И Вы всё время апокалиптически рассуждаете, что нас бы уничтожили. Где-нибудь вообще за это время между великими державами какой-то конфликт произошел?

Моруков: Только потому, что у нас было ядерное оружие.

Кургинян: Во-первых. А во-вторых, если бы у нас его не было, то с нами бы пошалили, как с Сербией.

Каждый раз, когда мы спрашиваем, почему с нами не пошалили, как с Сербией, нам сказали: «Ведь есть ядерное оружие».

Сванидзе: Времени растрачено много, позиции сторон ясны. У меня есть ещё один вопрос. Мы с Вами в привычном диалоге, Юрий Николаевич, который мне всегда интересен.

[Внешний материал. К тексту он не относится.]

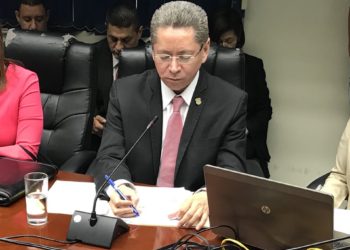 Interpol sin definir difusión roja para Ex Presidente Funes hasta descartar persecución política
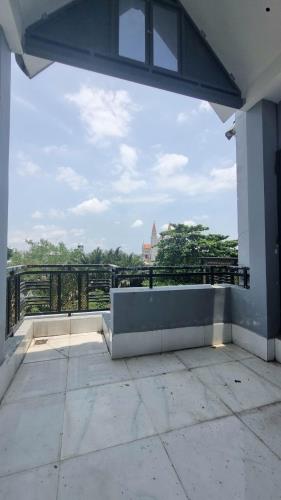 Bán gấp nhà mặt tiền mới đẹp lung linh ở ngay Lưu Hữu Phước, 84m2, 4T, SHR, chỉ 6.7 tỷ.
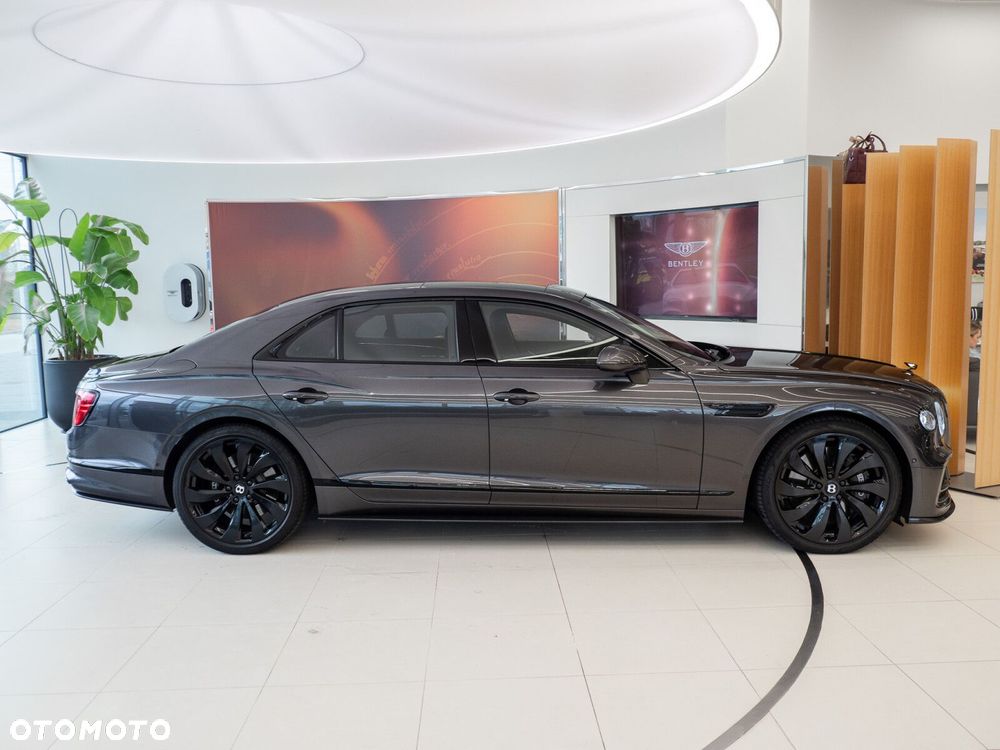 Bentley Flying Spur - 5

Вы правильно сказали, что будет речь идти о гулаговском атомном проекте. Будет, конечно. Потому что он такой был.

Я всё-таки процитирую Игоря Головина, академика, заместителя Курчатова, воспоминаниям которого лично я верю. И не я один. Больше чем любому документу. Потому что документы могли врать. Они создавались по заказу. А Головин врать не мог.

Итак, что он пишет: «Использовался ли при осуществлении ядерного проекта труд заключенных? В широчайших масштабах. Все стройки, рудники, атомграды, даже наш институт в Москве (Курчатовский имеется в виду) — на всех этих объектах работали заключенные. Вы видели наш клуб? (Он до сих пор стоит, клуб Курчатовского института. Там Высоцкий пел всё время.) Была тюрьма. В этом здании была тюрьма, оно было огорожено высокой глухой стеной, на углах — вышки с автоматчиками.